Goal of the exercise:
Please keep to the lines below from the one with "Duas camas num" through the one with "Screened-in porch with", and restate them word for word, ends included.

Material supplied:
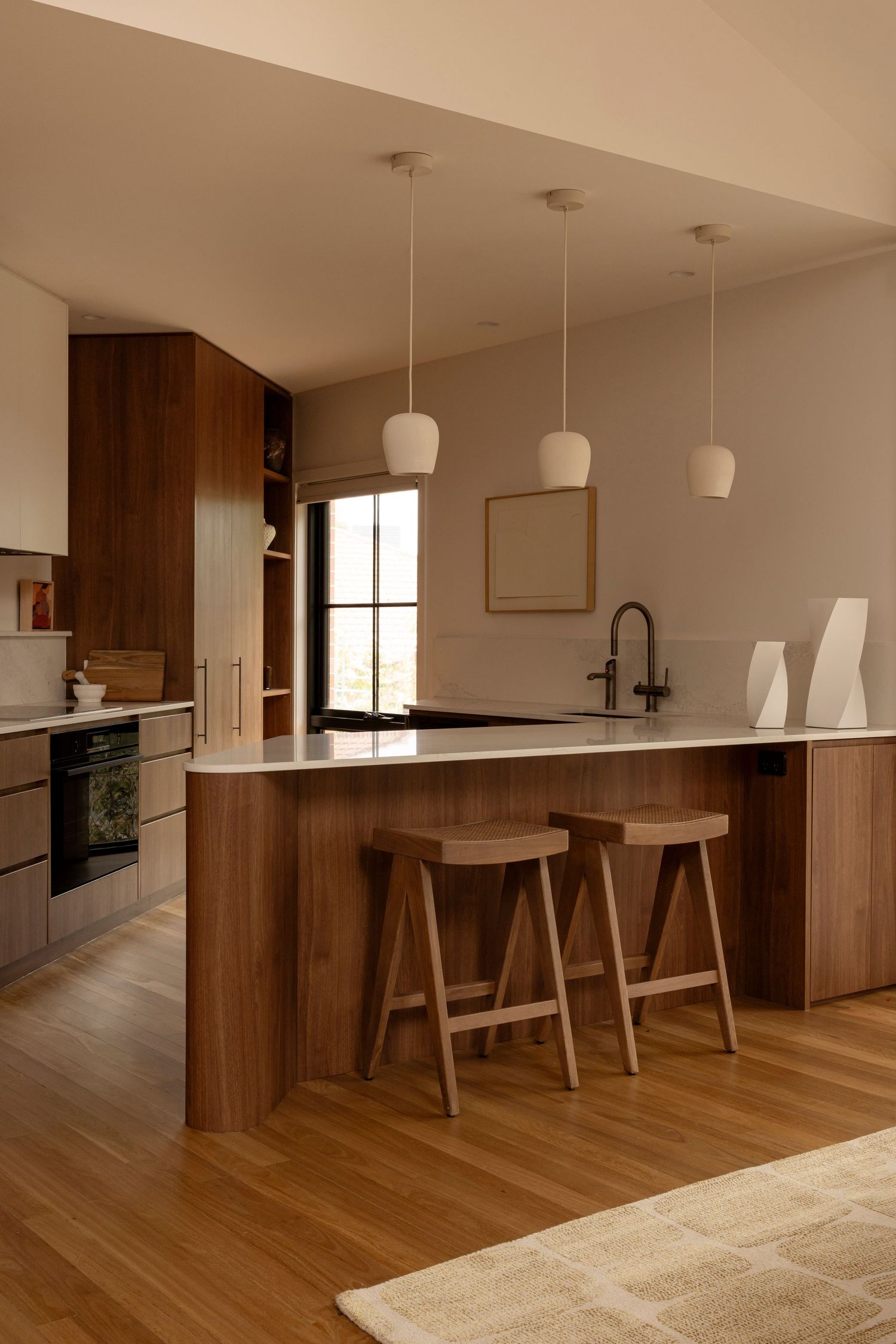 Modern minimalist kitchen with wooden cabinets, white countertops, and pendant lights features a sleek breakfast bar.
--
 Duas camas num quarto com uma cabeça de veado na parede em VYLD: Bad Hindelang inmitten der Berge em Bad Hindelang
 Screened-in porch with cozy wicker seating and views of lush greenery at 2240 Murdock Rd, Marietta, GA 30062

Exercise answer:
 Duas camas num quarto com uma cabeça de veado na parede em VYLD: Bad Hindelang inmitten der Berge em Bad Hindelang
 Screened-in porch with cozy wicker seating and views of lush greenery at 2240 Murdock Rd, Marietta, GA 30062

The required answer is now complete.